Andrew McConnell‘s work The Last Colony from the Western Sahara has gained some traction recently, promoted at DVAFOTO and backed up by TPP.
McConnell is from Northern Ireland so I was not too surprised upon looking through his portfolio to find a series on the Maze prison.
I’ve seen a few projects from Maze Prison – the most well-known being that of Donovan Wylie – and yet a few of McConnell’s images really stood out.
STATEMENT
McConnell: “HM Maze Prison, also known as Long Kesh and the H-Blocks, held some of the most dangerous men in Europe during its 30 year operation. The prison closed in September 2000 after 428 prisoners had been released under the Good Friday Agreement.

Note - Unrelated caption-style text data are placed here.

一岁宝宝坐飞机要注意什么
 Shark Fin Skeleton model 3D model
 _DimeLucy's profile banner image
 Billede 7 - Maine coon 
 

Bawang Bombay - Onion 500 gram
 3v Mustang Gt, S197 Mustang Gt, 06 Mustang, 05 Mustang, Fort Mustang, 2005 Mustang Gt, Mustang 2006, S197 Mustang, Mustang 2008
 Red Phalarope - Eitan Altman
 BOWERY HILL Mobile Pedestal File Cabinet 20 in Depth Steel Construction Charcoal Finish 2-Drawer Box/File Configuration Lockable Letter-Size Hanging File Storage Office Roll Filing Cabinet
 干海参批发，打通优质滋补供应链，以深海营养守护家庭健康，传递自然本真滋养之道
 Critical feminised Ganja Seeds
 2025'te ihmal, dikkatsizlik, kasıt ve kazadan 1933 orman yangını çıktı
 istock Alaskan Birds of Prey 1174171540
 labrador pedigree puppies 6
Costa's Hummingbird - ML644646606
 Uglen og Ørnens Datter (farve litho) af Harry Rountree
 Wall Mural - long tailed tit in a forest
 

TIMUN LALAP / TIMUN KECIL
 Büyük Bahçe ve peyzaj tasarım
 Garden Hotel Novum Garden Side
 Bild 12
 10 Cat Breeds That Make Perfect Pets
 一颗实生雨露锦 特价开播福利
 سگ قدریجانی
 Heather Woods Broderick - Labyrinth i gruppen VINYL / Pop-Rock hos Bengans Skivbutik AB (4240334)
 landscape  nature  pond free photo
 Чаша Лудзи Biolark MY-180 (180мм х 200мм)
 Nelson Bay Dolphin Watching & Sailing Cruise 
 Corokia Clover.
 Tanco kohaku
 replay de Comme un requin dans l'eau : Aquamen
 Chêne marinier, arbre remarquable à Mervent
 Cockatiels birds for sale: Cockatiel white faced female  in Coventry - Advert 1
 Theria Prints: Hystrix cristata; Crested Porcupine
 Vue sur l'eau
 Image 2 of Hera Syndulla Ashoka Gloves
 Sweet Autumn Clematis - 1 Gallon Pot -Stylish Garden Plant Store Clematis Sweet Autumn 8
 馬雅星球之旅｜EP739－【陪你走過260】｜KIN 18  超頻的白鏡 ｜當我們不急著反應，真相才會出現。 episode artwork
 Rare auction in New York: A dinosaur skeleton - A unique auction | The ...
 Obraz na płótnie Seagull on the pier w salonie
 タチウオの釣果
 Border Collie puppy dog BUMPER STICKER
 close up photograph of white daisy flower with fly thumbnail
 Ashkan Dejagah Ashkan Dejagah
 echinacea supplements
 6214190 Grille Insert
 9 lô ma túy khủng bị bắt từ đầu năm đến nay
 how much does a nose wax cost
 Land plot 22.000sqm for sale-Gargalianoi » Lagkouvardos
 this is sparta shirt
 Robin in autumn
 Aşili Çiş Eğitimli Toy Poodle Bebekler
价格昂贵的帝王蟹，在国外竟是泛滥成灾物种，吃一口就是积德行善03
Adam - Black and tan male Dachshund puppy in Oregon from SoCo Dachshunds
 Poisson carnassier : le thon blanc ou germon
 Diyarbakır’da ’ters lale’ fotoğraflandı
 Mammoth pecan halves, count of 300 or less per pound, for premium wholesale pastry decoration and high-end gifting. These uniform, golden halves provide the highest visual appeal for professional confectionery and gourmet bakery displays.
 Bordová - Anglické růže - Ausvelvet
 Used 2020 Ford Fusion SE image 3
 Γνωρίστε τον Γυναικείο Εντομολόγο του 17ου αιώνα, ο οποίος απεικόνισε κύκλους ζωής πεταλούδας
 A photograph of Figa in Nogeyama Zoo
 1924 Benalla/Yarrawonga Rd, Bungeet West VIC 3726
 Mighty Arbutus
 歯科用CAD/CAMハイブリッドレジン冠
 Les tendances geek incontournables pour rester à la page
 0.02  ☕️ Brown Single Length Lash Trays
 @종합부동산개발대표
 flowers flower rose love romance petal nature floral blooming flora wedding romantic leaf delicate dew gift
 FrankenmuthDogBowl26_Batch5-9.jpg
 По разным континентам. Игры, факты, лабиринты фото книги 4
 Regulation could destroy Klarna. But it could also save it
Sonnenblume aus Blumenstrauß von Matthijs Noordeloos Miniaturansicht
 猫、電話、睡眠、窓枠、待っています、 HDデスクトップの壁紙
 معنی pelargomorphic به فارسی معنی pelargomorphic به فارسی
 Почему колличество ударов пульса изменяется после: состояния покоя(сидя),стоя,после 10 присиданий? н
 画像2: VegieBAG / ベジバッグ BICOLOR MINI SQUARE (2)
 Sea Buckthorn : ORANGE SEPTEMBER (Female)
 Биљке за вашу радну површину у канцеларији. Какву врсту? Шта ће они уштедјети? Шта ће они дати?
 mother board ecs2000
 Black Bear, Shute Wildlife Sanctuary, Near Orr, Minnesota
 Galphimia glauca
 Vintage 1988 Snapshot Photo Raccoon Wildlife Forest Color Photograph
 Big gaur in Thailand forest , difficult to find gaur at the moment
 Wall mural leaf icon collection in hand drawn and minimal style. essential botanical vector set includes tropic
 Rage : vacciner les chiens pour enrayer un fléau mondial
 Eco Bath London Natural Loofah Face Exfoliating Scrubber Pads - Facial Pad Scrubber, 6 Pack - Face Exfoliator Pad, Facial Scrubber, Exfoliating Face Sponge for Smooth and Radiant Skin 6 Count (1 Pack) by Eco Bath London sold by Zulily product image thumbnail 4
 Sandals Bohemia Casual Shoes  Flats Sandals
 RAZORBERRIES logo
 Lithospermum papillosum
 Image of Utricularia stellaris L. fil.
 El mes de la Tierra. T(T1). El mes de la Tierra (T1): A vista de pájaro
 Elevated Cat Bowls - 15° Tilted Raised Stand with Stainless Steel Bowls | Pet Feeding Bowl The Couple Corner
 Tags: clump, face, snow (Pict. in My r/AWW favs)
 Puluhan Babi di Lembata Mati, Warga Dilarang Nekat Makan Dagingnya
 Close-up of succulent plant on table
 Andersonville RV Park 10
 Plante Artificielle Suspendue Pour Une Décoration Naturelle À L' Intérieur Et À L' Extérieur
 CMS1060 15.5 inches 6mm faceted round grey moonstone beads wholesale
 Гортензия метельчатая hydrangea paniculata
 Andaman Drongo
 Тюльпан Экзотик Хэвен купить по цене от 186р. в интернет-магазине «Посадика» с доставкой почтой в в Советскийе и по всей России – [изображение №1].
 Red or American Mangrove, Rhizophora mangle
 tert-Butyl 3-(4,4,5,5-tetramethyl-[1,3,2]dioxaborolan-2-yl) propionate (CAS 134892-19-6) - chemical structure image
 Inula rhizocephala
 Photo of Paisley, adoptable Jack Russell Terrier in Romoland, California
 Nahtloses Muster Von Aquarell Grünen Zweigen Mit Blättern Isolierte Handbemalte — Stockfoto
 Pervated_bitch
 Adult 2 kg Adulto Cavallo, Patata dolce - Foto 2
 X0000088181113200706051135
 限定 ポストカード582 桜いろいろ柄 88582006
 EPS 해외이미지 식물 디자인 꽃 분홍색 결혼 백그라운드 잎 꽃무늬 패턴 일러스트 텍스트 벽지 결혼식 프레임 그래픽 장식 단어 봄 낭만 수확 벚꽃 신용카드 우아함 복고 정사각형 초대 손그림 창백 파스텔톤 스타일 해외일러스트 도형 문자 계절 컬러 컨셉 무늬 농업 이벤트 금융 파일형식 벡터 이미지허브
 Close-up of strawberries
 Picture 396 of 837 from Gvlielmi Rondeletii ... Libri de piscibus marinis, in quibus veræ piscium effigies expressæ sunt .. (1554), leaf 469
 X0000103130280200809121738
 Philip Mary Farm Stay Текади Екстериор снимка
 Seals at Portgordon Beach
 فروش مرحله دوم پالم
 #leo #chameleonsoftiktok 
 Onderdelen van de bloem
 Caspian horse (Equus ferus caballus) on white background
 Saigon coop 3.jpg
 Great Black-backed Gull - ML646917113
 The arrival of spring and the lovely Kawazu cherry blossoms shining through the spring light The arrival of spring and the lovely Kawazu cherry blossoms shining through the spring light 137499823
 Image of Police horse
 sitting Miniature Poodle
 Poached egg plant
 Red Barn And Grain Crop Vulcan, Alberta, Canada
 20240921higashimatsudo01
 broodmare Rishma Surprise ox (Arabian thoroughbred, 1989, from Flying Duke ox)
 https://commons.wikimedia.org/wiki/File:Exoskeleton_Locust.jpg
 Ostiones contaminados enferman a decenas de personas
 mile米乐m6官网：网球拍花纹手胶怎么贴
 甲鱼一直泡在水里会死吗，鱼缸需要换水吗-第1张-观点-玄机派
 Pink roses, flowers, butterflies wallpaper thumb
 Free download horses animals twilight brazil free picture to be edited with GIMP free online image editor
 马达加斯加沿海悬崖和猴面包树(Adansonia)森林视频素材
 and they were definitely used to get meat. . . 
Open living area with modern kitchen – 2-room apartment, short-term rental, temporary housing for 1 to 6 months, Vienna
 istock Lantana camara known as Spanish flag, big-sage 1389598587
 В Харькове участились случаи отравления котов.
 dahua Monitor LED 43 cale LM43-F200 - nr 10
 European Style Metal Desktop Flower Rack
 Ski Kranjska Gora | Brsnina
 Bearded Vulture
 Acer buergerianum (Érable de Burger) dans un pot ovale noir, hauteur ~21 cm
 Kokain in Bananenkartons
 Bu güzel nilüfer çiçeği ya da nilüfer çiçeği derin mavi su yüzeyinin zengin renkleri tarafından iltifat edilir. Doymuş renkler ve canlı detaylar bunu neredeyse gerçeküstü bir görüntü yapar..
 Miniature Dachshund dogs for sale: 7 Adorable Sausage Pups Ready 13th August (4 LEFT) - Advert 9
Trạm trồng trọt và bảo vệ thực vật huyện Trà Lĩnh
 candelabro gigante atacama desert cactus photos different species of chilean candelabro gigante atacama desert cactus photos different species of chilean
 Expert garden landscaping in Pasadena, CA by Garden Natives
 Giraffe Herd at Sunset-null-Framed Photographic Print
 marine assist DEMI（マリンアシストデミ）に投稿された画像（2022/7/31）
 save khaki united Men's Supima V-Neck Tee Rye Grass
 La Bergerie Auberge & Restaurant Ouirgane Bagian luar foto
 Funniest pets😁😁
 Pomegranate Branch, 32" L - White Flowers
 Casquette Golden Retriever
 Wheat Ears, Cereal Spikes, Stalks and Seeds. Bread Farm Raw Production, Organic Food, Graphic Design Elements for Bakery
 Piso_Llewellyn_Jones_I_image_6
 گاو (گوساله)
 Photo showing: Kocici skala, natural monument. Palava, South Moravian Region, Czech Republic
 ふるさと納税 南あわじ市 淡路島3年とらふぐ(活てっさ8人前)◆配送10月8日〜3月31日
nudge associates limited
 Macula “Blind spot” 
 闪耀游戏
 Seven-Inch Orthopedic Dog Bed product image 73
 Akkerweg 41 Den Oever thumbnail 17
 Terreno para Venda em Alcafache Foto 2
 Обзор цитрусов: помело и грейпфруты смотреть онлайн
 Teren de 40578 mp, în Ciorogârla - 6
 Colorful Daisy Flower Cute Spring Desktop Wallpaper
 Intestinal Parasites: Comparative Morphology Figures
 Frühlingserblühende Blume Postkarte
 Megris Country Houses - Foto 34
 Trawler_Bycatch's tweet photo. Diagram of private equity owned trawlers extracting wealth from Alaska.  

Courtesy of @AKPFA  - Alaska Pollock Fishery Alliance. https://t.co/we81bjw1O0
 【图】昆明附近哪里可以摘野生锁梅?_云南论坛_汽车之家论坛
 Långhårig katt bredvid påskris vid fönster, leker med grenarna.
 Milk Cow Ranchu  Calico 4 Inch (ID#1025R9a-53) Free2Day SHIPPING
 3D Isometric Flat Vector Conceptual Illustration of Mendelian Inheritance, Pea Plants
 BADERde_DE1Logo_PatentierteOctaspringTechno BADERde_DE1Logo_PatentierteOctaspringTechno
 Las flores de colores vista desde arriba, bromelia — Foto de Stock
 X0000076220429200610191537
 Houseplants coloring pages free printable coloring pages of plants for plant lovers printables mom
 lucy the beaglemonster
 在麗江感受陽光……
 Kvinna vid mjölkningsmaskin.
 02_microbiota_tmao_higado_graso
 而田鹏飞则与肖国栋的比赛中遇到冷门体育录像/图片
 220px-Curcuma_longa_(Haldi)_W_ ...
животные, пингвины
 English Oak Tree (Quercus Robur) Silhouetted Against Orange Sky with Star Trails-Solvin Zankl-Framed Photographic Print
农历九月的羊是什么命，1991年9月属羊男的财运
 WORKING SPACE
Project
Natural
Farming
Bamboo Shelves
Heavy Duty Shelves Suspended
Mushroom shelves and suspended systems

There are now plans to turn the abandoned site into a national football stadium.”
The bathroom image (above) is admittedly more powerful to me, having seen the bloodied-knuckle washing scenes in Steve McQueen’s powerful debut film Hunger.
Also, admittedly the image of the football (below) is more loaded given the now-defunct plans to convert the site into a national stadium.
In January 2009 plans to build the £300 million multi-purpose stadium were officially axed with politicians saying plans to start the construction of the stadium wouldn’t be reconsidered for another 3 to 4 years. (Source)

An old football lies in the exercise yard of the Maze Prison, July 18, 2006.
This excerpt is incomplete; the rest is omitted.